PROBLEM REQUIREMENTS
Find all the lines in the material below with the word "Hyundai", and copy them.

▬▬▬▬▬▬▬▬▬▬

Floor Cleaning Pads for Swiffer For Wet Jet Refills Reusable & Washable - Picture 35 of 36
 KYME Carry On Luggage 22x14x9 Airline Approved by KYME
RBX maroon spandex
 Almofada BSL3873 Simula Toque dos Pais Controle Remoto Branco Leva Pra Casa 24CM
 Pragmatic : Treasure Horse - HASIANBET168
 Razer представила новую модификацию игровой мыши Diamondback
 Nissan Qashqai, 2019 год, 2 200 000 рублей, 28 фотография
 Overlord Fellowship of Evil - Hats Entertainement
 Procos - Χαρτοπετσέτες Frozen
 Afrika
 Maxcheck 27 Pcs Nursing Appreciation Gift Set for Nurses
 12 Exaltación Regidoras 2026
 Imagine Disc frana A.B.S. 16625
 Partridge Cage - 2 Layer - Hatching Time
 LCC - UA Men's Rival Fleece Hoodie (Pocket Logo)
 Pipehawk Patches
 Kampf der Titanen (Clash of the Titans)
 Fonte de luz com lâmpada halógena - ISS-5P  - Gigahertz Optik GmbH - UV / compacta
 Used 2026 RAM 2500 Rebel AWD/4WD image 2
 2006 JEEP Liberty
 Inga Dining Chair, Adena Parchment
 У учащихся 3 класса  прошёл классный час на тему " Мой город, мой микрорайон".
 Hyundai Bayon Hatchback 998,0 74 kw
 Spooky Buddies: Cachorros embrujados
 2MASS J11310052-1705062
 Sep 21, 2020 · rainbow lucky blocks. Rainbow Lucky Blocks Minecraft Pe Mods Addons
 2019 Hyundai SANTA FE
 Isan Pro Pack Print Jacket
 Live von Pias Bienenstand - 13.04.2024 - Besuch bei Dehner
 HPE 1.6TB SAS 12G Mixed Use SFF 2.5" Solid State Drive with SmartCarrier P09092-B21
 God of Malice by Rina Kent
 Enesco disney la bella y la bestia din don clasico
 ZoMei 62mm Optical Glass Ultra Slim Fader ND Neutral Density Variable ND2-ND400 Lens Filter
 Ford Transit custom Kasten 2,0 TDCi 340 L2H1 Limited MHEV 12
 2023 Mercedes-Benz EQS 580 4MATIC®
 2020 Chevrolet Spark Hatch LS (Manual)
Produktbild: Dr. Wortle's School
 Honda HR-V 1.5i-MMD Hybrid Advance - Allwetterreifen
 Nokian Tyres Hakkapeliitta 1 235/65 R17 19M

▬▬▬▬▬▬▬▬▬▬

ANSWER BELOW
 Hyundai Bayon Hatchback 998,0 74 kw
 2019 Hyundai SANTA FE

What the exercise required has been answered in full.